Bonus playlist from famed music critic Sasha Frere Jones, who cataloged all the songs Mark Fisher mentioned in his writings. A very long, strange, and weirdly wonderful trip.
Utopia of Rules: On Technology, Stupidity, and the Secret Joys of Bureaucracy by David Graeber
Another long-ish pamphlet for those of you who like to travel light but also love relaxing with an actual physical book. A refreshing alternative to his usual tomes, Utopia is both intensely relatable and a delightful explanation of the maddening experiences of bureaucracy, as well as those masquerading as “customer service.” I especially love his description of the world-changing technologies we dreamed of as kids and why most of them— like jet packs and flying cars— have never appeared.

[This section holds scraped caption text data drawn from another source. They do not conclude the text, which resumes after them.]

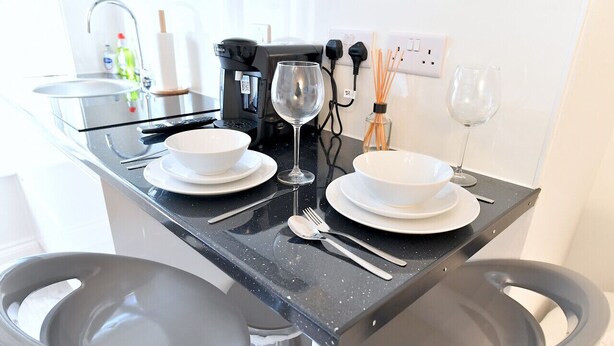 Una cocina moderna con encimera negra, dos tazones blancos, una copa de vino y una cafetera.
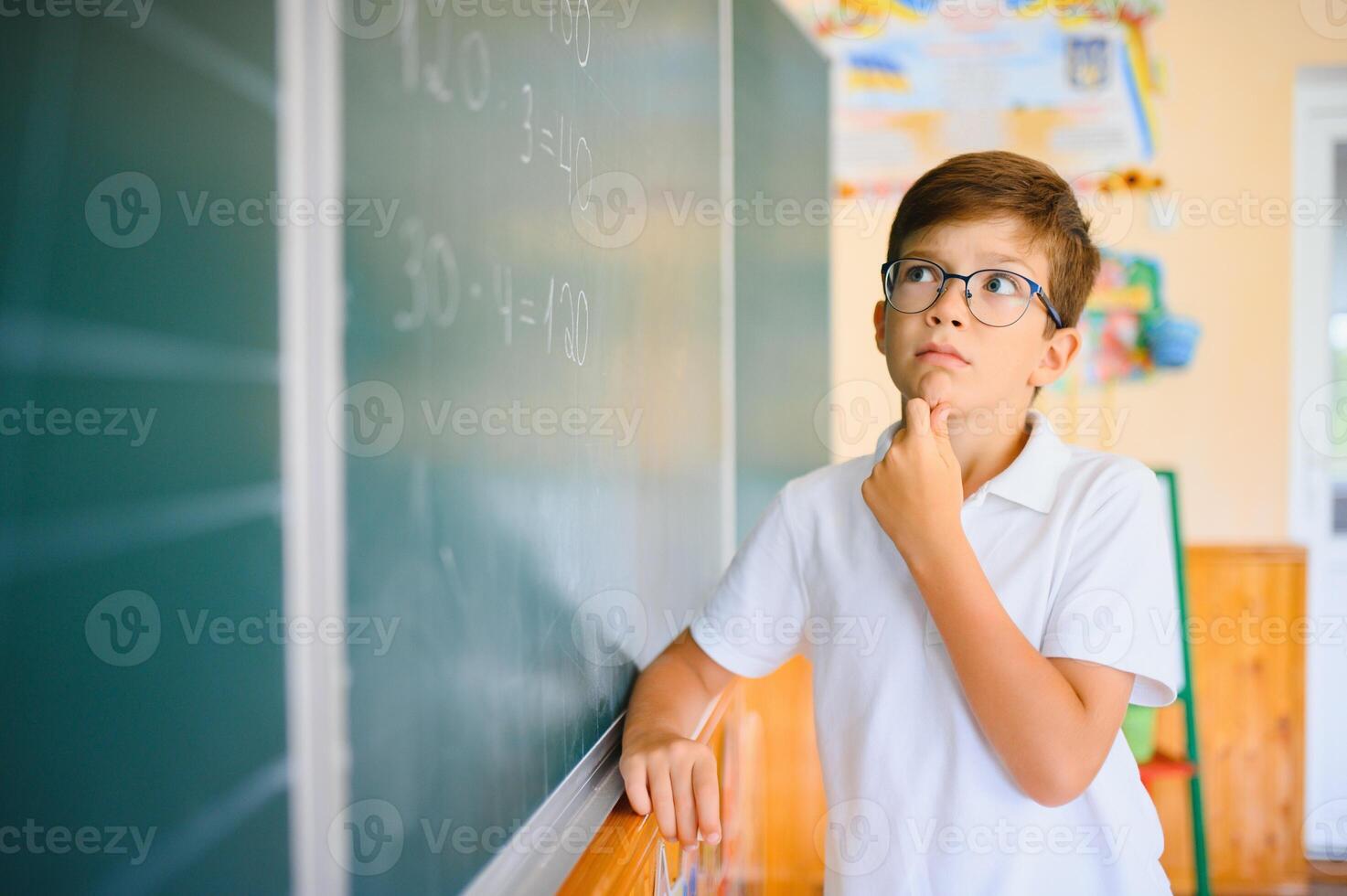 Cute little schoolboy diligent write chalk solve math problem dressed stylish uniform classroom blackboard background photo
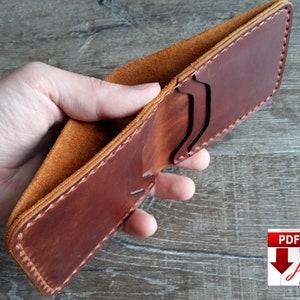 May include: A handmade brown leather wallet with visible stitching and card slots. The interior is a lighter tan color, and the wallet is open, showcasing its design. The image includes a PDF download icon.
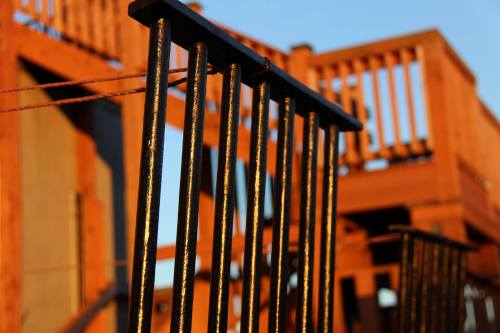 Close-up of black metal railings with a wooden structure and blue sky in the background, illuminated by warm sunlight.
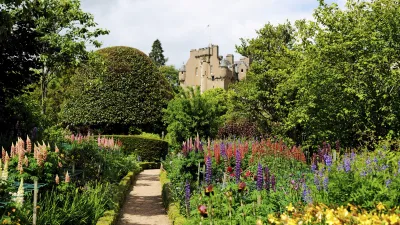 Blühender Schlossgarten mit Kiesweg und bunten Blumenbeeten.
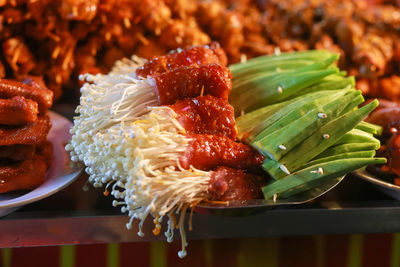 Grilled pork belly with enoki mushrooms and okra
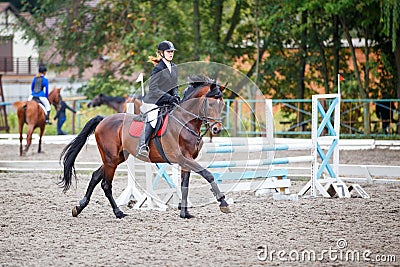 Young girl riding bay horse on show jumping Stock Photo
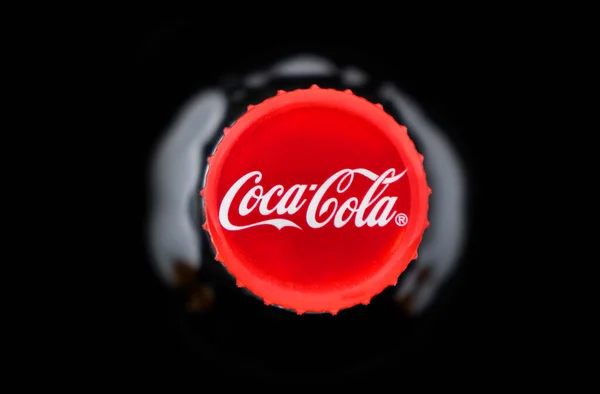 亚美尼亚埃里温 2023年5月10日 可口可乐标志在瓶塞瓶盖上 黑色可乐瓶闪烁着水 顶部视图 经典公司标志 — 图库照片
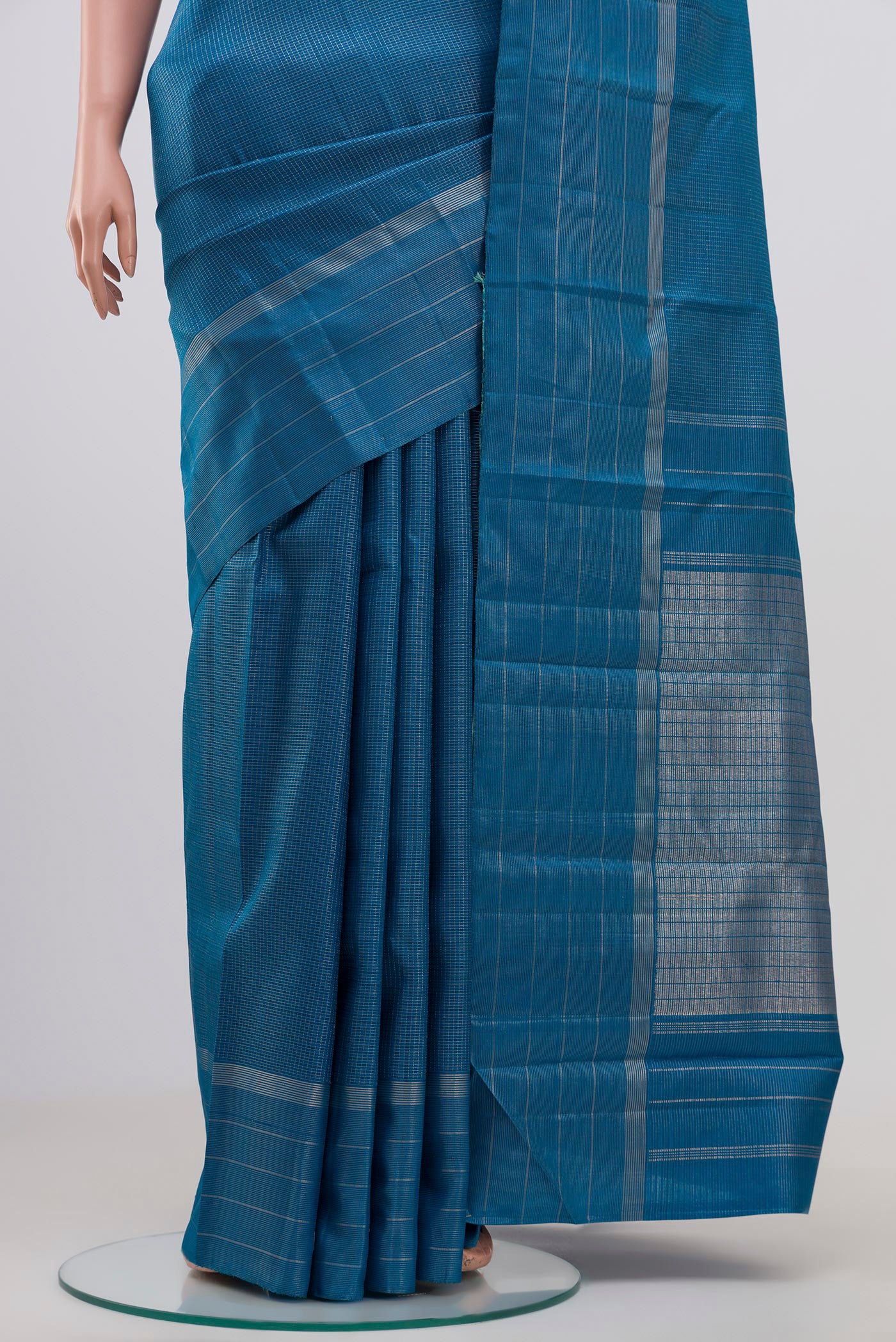Pleats and pallu of Pure Silk Pure Zari Blue Kanchipuram Saree with Checked design on the body and Thin Zari Line. 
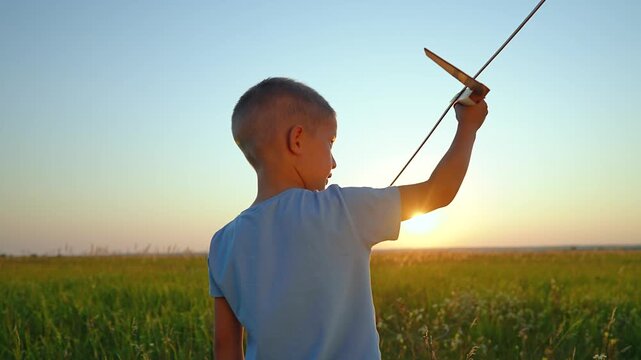 Little boy holds a toy airplane in a green field at sunset. Child plays with a wooden plane in nature. Kid dreams of becoming a pilot during summer evening. He launches the glider outdoors.
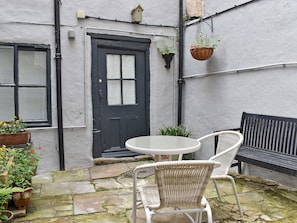 A courtyard with a black door, white wicker chairs, a round table, and potted plants.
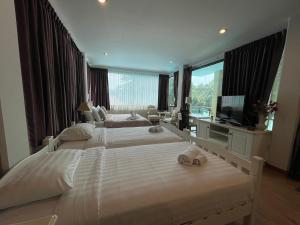 Voodi või voodid majutusasutuse Vongdeuan Resort toas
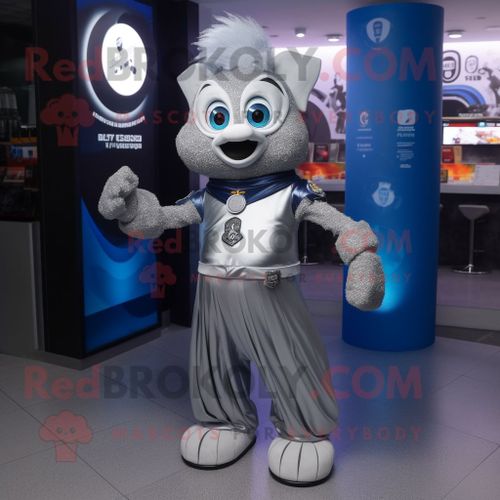 Mascotte Redbrokoly De Personnage Guinness Argenté Habillé D'un Jean Flare Et De Montres Digitales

In the chapter “Dead Zones of the Imagination,” he draws on feminist theory to explain the interpretive labor that those who are potential victims of systemic violence go through to avoid being victimized by those who hold arbitrary power over them. Draining work for those forced to do it; in the end, it leads people to naturally identify with those who hold power: “What we talk about in terms of ‘belief’ are simply the psychological techniques people develop to accommodate themselves to this reality.”
A wave of exhaustion swept over me reading that and reflecting on my time spent in the male-dominated corporate world. It ushered in a strong desire to accommodate myself to some great fiction and ocean waves instead. I hope you will too!